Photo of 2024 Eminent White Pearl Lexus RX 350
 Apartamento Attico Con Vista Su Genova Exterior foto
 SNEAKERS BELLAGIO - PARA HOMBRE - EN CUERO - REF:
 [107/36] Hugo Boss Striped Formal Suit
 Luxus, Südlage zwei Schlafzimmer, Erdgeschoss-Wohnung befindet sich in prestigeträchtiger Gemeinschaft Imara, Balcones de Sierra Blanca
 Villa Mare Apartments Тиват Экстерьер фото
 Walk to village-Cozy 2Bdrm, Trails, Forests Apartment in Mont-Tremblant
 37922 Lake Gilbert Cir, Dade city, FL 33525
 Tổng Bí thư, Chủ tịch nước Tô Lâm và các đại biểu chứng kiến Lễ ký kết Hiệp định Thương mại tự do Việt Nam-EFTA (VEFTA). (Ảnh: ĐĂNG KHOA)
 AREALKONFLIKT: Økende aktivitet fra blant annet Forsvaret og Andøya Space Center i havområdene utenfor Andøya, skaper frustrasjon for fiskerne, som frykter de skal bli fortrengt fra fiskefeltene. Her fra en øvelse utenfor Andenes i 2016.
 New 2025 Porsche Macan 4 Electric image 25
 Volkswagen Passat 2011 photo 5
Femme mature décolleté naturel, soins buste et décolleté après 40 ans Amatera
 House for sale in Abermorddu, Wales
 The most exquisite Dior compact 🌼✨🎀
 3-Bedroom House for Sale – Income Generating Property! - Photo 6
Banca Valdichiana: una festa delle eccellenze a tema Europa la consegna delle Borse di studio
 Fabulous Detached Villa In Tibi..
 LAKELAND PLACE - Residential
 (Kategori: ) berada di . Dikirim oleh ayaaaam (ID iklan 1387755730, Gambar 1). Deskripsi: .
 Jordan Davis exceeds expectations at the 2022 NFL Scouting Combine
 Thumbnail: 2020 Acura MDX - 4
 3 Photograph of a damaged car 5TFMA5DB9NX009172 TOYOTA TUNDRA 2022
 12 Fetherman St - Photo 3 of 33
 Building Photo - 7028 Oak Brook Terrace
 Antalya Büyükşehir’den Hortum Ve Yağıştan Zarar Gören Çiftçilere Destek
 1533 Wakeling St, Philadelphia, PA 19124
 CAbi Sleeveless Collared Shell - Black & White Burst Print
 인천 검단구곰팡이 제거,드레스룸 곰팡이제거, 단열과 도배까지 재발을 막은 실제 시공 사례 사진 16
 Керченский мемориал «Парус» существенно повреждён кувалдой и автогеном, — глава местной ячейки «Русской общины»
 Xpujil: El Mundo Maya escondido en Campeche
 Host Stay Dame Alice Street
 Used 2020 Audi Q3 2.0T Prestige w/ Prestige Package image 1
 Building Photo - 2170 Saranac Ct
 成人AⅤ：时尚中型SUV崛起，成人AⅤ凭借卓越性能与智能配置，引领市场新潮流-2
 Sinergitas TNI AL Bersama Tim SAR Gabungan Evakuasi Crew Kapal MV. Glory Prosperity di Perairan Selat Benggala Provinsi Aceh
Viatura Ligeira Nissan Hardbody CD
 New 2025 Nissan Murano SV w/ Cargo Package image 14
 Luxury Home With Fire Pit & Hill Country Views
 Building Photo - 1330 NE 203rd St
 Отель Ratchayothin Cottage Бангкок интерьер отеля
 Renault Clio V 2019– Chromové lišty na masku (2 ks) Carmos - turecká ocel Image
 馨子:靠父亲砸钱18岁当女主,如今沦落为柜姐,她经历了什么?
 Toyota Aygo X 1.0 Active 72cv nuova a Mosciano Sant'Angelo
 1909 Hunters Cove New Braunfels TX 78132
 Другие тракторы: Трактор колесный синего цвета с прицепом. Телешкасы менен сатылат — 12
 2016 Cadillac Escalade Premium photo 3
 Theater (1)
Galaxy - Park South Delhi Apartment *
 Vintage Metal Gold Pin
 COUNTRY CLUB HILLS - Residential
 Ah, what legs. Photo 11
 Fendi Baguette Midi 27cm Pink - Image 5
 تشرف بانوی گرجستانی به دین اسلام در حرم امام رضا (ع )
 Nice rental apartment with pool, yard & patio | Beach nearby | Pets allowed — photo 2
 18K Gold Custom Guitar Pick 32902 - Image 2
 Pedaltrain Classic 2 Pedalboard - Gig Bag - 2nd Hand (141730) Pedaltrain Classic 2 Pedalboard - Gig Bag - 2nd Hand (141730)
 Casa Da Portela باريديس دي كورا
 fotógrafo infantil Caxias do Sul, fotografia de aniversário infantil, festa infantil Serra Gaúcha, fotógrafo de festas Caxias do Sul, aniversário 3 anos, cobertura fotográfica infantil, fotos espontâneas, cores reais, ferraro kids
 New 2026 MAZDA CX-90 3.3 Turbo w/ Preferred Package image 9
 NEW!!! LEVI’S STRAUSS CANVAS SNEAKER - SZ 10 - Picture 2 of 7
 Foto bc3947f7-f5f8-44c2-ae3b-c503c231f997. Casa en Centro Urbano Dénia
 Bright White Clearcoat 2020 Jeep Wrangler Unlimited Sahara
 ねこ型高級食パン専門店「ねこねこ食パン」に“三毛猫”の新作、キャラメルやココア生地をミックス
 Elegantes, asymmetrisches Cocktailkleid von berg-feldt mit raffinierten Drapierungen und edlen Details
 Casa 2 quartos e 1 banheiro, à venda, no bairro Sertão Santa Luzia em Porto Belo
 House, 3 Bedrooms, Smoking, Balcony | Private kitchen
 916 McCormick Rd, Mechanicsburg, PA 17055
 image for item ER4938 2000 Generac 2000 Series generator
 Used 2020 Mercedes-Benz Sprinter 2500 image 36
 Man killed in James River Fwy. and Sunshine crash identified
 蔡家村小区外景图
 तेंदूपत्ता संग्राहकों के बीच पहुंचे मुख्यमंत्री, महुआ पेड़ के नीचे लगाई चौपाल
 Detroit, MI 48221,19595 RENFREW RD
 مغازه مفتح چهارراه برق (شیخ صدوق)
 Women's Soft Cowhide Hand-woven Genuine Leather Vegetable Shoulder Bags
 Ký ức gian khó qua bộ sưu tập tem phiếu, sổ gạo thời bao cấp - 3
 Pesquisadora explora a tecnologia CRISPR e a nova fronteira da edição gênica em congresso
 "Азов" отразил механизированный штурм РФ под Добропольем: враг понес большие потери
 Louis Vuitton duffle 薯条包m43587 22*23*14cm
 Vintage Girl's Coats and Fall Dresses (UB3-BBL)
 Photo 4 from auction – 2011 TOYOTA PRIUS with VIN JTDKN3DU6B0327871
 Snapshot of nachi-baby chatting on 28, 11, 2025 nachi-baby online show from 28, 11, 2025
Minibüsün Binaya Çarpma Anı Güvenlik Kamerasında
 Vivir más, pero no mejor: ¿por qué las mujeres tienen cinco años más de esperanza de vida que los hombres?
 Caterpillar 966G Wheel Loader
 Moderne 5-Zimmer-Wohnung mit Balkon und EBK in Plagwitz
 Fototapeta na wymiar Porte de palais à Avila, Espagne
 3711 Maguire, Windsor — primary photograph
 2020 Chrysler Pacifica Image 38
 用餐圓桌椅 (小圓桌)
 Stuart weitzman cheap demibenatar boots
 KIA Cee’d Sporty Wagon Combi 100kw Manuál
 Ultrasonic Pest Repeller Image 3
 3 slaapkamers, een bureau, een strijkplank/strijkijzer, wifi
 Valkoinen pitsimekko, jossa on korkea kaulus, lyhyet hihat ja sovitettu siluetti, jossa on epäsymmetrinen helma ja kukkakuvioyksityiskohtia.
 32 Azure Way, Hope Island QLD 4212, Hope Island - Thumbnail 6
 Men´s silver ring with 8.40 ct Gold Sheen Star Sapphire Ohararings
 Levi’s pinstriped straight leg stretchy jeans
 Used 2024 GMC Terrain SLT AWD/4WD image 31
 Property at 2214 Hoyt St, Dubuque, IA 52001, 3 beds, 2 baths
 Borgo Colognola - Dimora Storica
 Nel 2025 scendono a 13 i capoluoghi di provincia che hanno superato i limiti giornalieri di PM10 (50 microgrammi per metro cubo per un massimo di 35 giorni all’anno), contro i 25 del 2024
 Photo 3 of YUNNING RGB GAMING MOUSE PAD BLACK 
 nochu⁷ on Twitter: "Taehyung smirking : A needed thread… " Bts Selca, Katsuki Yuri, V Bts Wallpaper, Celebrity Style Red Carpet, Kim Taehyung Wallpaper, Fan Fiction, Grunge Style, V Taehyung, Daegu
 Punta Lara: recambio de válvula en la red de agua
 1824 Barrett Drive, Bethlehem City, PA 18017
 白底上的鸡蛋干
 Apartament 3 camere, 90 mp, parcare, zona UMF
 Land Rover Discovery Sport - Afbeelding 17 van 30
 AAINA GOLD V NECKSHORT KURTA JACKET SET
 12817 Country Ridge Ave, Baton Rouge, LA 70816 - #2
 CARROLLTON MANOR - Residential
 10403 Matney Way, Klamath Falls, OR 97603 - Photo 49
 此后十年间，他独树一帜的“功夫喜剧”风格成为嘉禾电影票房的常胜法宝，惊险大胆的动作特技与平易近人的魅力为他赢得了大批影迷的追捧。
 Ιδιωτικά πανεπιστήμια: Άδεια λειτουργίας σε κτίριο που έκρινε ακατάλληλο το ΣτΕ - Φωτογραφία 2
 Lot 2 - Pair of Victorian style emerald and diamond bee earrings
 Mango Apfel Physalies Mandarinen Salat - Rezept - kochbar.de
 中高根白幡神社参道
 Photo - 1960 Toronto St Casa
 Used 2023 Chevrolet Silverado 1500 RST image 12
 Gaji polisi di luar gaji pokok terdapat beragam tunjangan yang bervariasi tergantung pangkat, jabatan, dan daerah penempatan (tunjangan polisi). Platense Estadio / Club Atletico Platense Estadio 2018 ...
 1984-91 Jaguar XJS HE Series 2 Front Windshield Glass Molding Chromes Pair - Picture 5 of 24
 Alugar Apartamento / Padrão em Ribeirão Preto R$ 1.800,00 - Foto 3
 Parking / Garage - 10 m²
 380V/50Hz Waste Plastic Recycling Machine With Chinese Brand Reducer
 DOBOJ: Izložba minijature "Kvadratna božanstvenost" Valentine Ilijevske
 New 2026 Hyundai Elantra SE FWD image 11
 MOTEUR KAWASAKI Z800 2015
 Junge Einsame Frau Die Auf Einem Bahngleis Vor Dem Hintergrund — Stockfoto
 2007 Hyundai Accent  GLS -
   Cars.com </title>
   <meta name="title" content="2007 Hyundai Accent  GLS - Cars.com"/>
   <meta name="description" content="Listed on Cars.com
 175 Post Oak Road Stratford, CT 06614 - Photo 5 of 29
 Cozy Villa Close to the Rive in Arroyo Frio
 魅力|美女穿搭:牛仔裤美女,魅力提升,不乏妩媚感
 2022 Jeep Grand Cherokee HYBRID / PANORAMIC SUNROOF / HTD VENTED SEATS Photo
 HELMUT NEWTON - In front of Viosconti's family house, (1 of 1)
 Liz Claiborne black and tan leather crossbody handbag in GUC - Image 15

- [What you will do] Look above for the line holding "Moderne 5-Zimmer-Wohnung mit" and the line holding "KIA Cee’d Sporty Wagon Combi 100kw Manuál", then output exactly those two lines and every line between them, nothing more.

- [Result for this exercise]
 Moderne 5-Zimmer-Wohnung mit Balkon und EBK in Plagwitz
 Fototapeta na wymiar Porte de palais à Avila, Espagne
 3711 Maguire, Windsor — primary photograph
 2020 Chrysler Pacifica Image 38
 用餐圓桌椅 (小圓桌)
 Stuart weitzman cheap demibenatar boots
 KIA Cee’d Sporty Wagon Combi 100kw Manuál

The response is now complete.